(Putting this is GD as I’m not sure whether this has a definitive answer. Please move to GQ if necessary.)
He was secure in power, idolized by the masses, surrounded by his friends and comrades from the early days of the struggle and had established Communism on a stable basis in China. So what on earth did he have to gain by turning the country upside-down, inciting the people to criticize and even murder their leaders, people who were among his oldest and dearest friends? I just don’t get it. These are the actions of someone trying to overthrow an established government not of the head of such a government.
So what was going on? Senility? Did Mao lose his marbles in his old age? Or was Mao, old and isolated, a mere puppet controlled by his wife and the other members of the Gang of Four? I remember that was certainly the picture painted by the surviving leaders when the Cultural Revolution had been quelled and Madam Mao and her buddies got the chop, but I always figured that was a fiction designed to deflect blame from Mao, who was still revered by the masses.
If you suspect your “oldest and dearest friends” may have plans to supplant you, putting them on the defensive by inciting murder and mayhem could be a sound strategy.
Two things, I think. First, it’s how he came to power and was able to take control of the CCP in the first place, so, why would he change? He did it by being a totally ruthless killer, purging the ranks of any decent and consolidating total power. Secondly, revenge on high ranking members who disagreed with his policies publically. The CR was a trap…it promised reforms but what it did is brought people out in the open so Mao could cut them down.
From this bio, Mao’s “Great Leap Forward” turned out to be a huge disaster that resulted in millions dying of starvation, so he was persona non grata for a few years. His old allies no longer supported him. He was able to make his comeback by capitalizing on national fears of capitalism. Starting the Cultural Revolution, he had all the intellectuals sent to re-education through hard manual labor, and none of his detractors wanted to be reassigned. He was ruthless enough in his desire for personal power to forego all ties of loyalty he had previously built.
The CCP was evolving in a more moderate direction (think Deng Xiaoping) and Mao was losing power. He used idealistic youth as his revolutionary hammer to reassert his authority.
In the book the Lucifer Principle, the author claims after the failures of the great leap forward that the people who ran China started treating Mao like a dumb figurehead rather than the leader of China. So Mao started the cultural revolution to take power back.
There is a book called Becoming Madame Mao, by Anchee Min, that tells the story of how the two came to power and what the internal politics were like in the Party.
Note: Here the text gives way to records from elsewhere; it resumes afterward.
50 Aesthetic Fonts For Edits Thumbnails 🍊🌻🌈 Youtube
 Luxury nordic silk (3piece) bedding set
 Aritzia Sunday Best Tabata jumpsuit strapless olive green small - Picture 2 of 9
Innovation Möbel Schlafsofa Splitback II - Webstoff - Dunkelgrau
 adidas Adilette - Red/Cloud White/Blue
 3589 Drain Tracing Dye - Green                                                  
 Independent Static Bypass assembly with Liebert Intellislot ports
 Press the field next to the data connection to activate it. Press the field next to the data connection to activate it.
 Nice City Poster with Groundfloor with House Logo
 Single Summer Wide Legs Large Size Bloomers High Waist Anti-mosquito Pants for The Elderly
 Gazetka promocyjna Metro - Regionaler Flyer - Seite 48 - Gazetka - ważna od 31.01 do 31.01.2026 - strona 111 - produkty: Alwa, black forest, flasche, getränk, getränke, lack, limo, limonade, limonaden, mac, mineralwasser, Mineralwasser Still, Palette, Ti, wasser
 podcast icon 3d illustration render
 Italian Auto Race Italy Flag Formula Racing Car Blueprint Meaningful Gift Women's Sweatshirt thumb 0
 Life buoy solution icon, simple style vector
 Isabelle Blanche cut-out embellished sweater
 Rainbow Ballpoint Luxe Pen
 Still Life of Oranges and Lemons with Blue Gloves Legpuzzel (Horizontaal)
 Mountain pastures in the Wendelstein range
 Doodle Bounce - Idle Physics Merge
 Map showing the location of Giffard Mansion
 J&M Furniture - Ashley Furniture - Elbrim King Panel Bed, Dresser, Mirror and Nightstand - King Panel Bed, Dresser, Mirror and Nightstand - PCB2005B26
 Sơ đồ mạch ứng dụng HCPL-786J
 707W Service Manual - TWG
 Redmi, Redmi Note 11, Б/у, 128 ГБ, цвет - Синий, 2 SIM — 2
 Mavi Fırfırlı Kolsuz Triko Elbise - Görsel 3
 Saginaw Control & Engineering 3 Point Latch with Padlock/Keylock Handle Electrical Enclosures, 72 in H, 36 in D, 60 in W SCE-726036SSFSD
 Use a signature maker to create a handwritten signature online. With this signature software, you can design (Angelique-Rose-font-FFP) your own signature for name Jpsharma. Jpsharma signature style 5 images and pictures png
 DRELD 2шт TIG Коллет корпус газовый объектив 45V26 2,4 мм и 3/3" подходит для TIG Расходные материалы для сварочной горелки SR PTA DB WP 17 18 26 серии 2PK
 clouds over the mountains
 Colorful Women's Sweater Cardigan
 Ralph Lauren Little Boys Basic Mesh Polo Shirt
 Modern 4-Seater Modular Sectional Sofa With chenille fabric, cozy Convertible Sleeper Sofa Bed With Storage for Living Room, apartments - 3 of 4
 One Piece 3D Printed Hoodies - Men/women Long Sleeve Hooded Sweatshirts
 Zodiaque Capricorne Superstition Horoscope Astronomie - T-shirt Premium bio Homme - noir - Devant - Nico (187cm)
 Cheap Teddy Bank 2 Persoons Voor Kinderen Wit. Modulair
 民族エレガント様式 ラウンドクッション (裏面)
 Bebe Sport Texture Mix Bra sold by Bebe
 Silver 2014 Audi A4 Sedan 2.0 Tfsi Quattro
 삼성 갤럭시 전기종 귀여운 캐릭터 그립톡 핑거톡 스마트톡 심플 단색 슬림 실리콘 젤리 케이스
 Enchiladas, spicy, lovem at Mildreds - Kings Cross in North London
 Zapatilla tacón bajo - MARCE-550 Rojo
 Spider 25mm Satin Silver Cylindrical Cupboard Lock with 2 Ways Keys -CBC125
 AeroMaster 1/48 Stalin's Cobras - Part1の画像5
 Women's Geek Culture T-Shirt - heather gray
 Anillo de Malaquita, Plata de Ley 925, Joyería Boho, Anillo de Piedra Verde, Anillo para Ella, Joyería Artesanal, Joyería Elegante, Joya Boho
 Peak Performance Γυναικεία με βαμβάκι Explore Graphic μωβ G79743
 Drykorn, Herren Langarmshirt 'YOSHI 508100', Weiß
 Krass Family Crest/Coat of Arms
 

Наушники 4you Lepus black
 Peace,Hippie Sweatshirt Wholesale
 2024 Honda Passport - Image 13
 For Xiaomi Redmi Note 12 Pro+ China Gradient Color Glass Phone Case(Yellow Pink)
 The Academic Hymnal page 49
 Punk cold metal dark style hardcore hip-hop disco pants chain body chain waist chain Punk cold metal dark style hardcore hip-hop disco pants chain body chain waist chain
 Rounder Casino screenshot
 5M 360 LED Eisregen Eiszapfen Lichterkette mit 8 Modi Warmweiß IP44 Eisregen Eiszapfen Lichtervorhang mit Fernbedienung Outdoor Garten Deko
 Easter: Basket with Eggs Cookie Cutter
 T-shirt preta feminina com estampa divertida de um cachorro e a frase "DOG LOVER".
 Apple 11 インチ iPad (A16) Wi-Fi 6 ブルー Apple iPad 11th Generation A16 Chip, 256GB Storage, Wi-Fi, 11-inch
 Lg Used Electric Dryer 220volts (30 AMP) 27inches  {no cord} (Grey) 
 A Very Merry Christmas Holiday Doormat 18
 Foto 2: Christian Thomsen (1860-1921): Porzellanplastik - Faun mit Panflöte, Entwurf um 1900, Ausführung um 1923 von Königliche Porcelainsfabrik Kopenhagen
I don’t know how well researched the book was but, as I recall it, the Mao’s were in fear of being ousted, and so started the Cultural Revolution as a way to distract everyone in the country and to utilize the anger if the people as a mechanism to take out their political enemies by proclaiming then enemies of the people.
They probably don’t say that about Madame Mao, more leftist than he, who felt she had the right to follow her husband as supreme leader.
A vain, greed-filled, ultimately stupid woman who controlled her own propaganda, yet was the target of lies from her enemies for decades, she came to believe her own meant-for destiny, but was sheerly defeated by her despised rival.
I agree. Mao was still the ceremonial leader of China but his actual power was slipping away. He launched the Cultural Revolution as a means of getting rid of political rivals.
In Russia they still have a positive opinion of Stalin. I don’t get it. Mao and Stalin caused so much damage to their nations. Whatever good they caused could’ve been done by someone less incompetent and destructive.
The political and cultural leadership of China since 1976 has been entirely composed of people who were perecuted and relegated to political exile during the cultural revolution. So when they managed to wrest power back, the first thing they did was denounce Mao and everything the CR stood for and foster a whole genre of revisionist literature from amongst their fellow travellers.
The Cultural revolution still enjoys widespread support amongst people in the countryside and outside the cities who benefitted from the positive aspects. But of course their voices are largely supressed by the Chinese government wh now pushes a narrative that poor urban elites were the real victims, and of course the urban elits are the ones who eventually get book deals in English, so ignorant westerners who know nothing about the history of China conveniently buy into the Chinese government narrative.
My wild-assed guess is that Mao took a look at the Soviet Union- which post-Stalin was descending into a comfortable bureaucracy of apparatchiks- and decided partly for ideological reasons and partly as a projection of his own midlife crisis that a “perpetual revolution” was the only way to preserve the vitality and purity of the movement. What he wanted was actually paraphrased years earlier by George Orwell in 1984, when the character O’Brien said that the revolution would always have just happened a few years ago and would be eternally young.
ETA: and it didn’t hurt that Mao did this just as the first generation who hadn’t been adults before the Revolution were coming of age, and that the Party bureaucrats made handy scapegoats for the various failures China had suffered.
Well it goes back to St. Just’s declaration of Permanent Revolution, and Trotsky’s reworking of that according to Marx’s restatement in the 1840s ( which is easily unseen, so 19th century is Karl, only 50 years after St. Just bit the big one ).